Once the jewel of the East and the mistress of the West, Hungary courted two cultures, embracing both, absorbing neither. And so it became, like a jewel, treasured and revered, but not taken out very often, handled only with care, lovingly but without affection. Caught between two worlds, Hungary came to define itself in terms of a dual identity born of circumstance rather than of nature. Especially after the demise of the Soviet bloc, with the socialist East having collapsed around them and the capitalist West eager to exploit them, Hungarians found themselves bereft of two cultures with nothing to fill the void. Even their two national holidays reflect a cultural ambivalence, celebrating failed revolutions both of them.

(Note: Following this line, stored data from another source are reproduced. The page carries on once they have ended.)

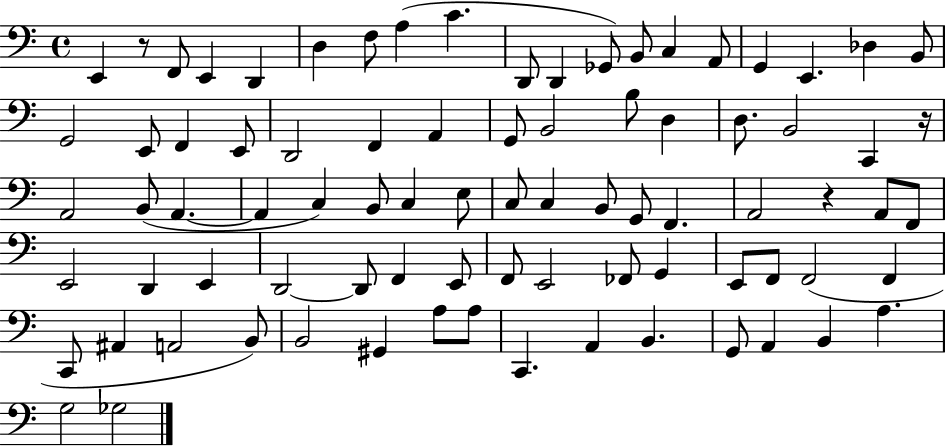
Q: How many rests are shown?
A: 3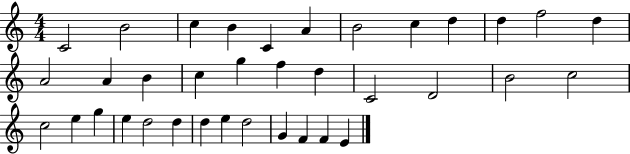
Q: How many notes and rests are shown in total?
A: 36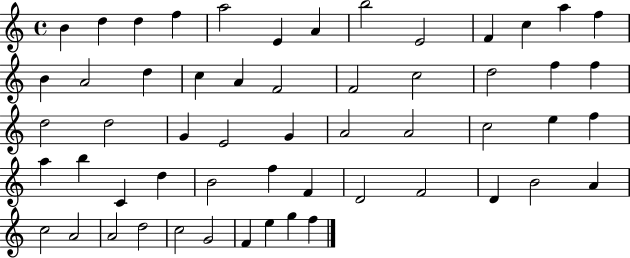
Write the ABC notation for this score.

X:1
T:Untitled
M:4/4
L:1/4
K:C
B d d f a2 E A b2 E2 F c a f B A2 d c A F2 F2 c2 d2 f f d2 d2 G E2 G A2 A2 c2 e f a b C d B2 f F D2 F2 D B2 A c2 A2 A2 d2 c2 G2 F e g f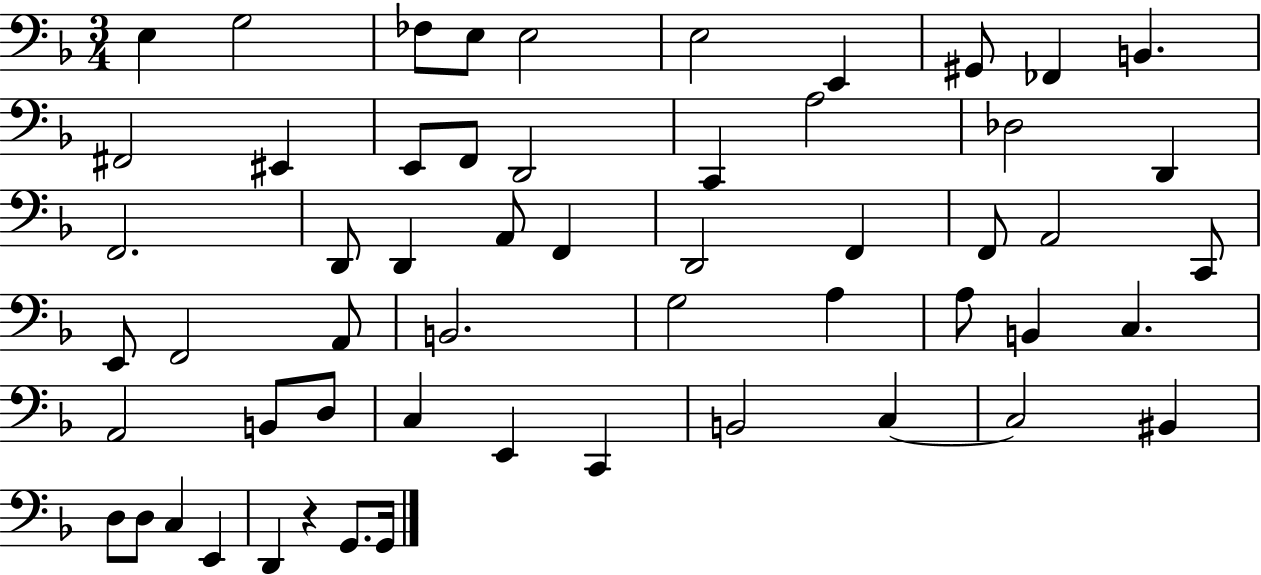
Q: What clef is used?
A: bass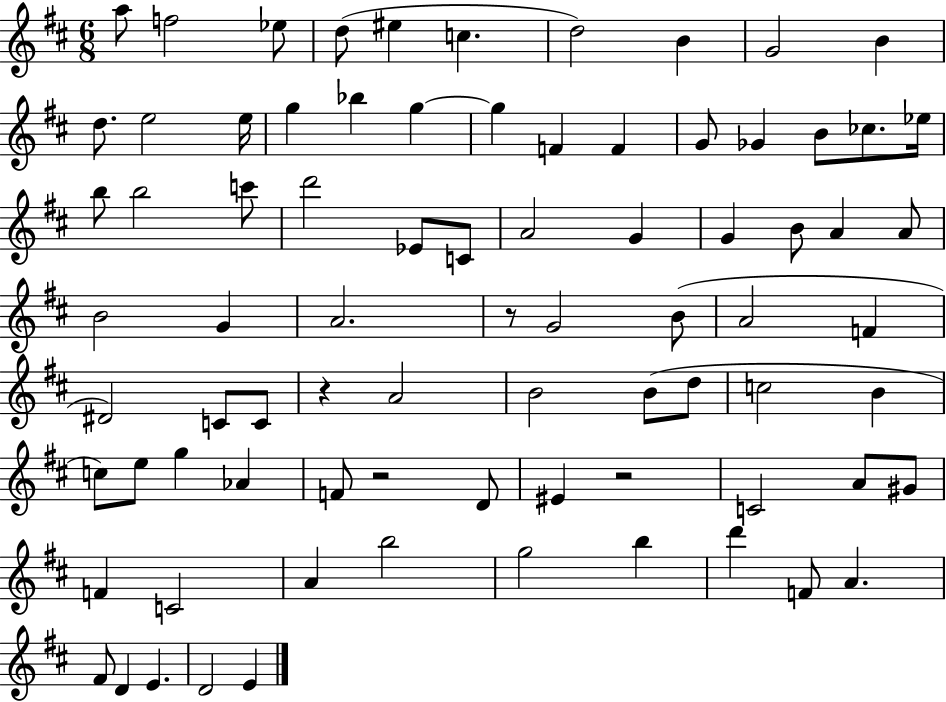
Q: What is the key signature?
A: D major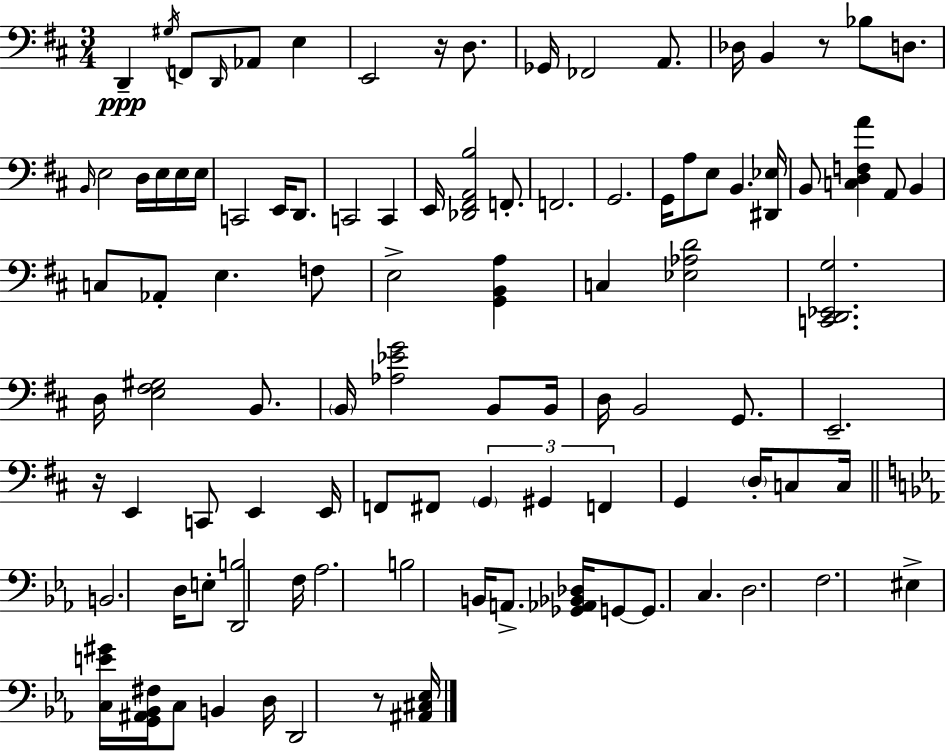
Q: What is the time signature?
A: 3/4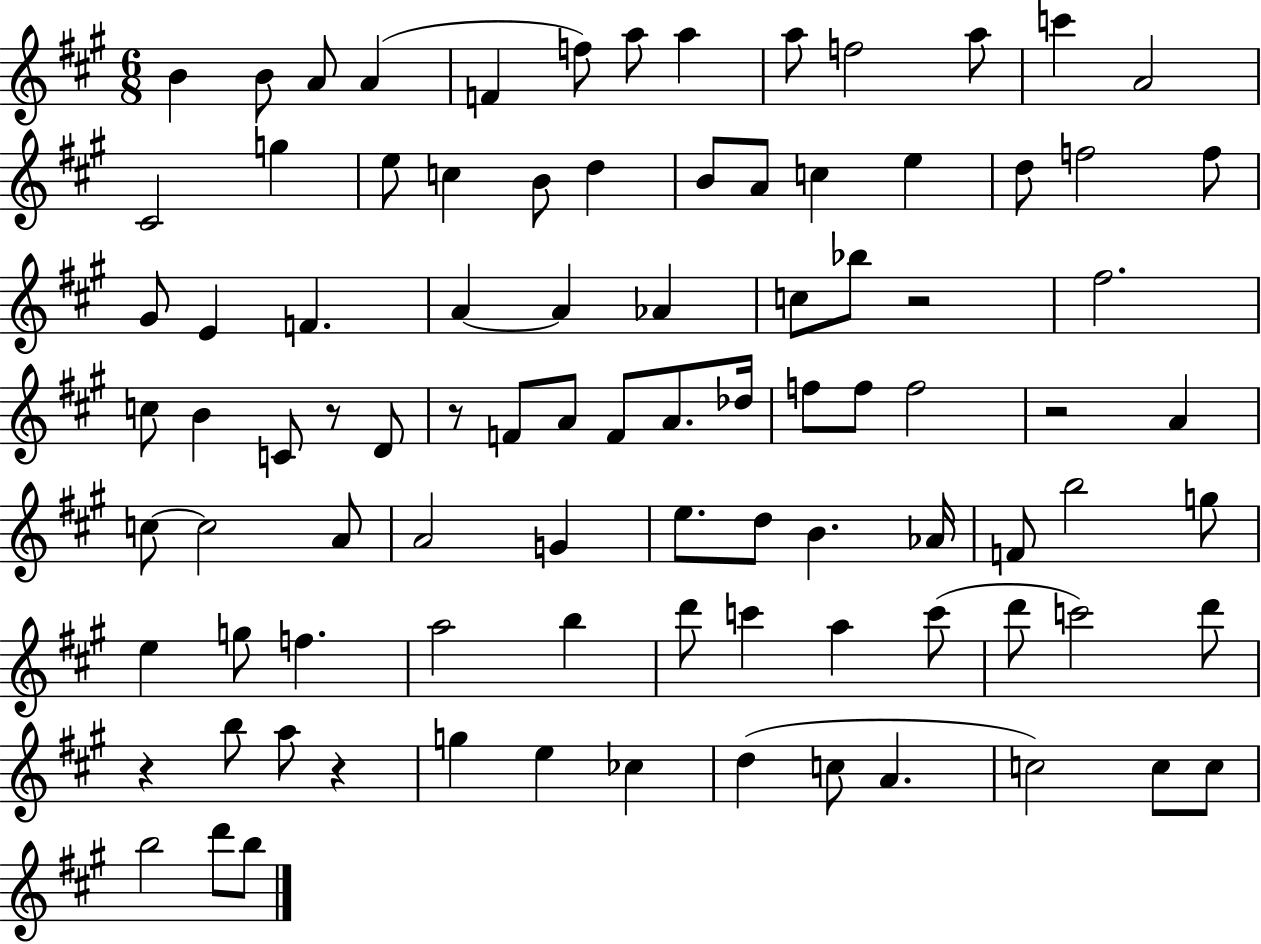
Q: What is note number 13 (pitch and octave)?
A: A4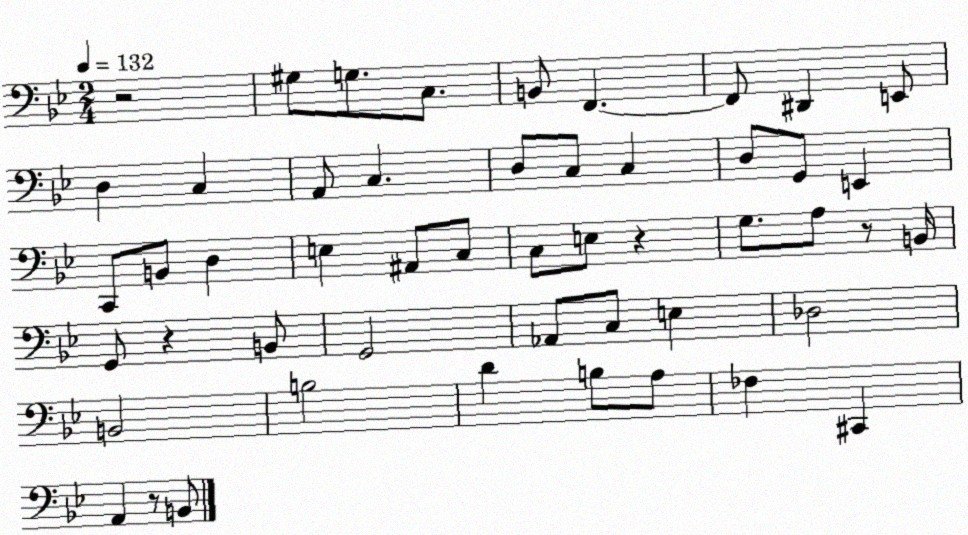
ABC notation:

X:1
T:Untitled
M:2/4
L:1/4
K:Bb
z2 ^G,/2 G,/2 C,/2 B,,/2 F,, F,,/2 ^D,, E,,/2 D, C, A,,/2 C, D,/2 C,/2 C, D,/2 G,,/2 E,, C,,/2 B,,/2 D, E, ^A,,/2 C,/2 C,/2 E,/2 z G,/2 A,/2 z/2 B,,/4 G,,/2 z B,,/2 G,,2 _A,,/2 C,/2 E, _D,2 B,,2 B,2 D B,/2 A,/2 _F, ^C,, A,, z/2 B,,/2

As Americans in Israel, Sara and I had often felt ourselves volleyed between opposing cultures — Eastern and Western, traditional and modern, religious and secular. To find ourselves now buffeted by the same kind of cultural contentiousness so far from home threatened to emotionally unhinge us not only from our jobs but from one another. We needed a sanctuary, and needed one desperately. We found one.


After three generations of assimilation, forty years of Soviet totalitarianism, and the brief but efficient Nazi extermination of Hungarian Jews at the end of the war, few of our students retained any sensitivity for the thousands of years of Jewish tradition that had been the legacy of their grandparents. Even the school administration and faculty flapped in an inconstant breeze, alternately venerating us as custodians of the past and reviling us for resurrecting old ghosts. But if Sara and I butted up against an unyielding battlefront of bureaucratic and nationalistic obstinacy at school, within our home the lines were ours to draw. And so, week after week, month after month, with as many as half a dozen students at a time crowded into the nook of our kitchen for every Sabbath meal, the songs we sang and the stories we told transported these children to a place suspended between the physical and the spiritual, between their world and the world of their ancestors.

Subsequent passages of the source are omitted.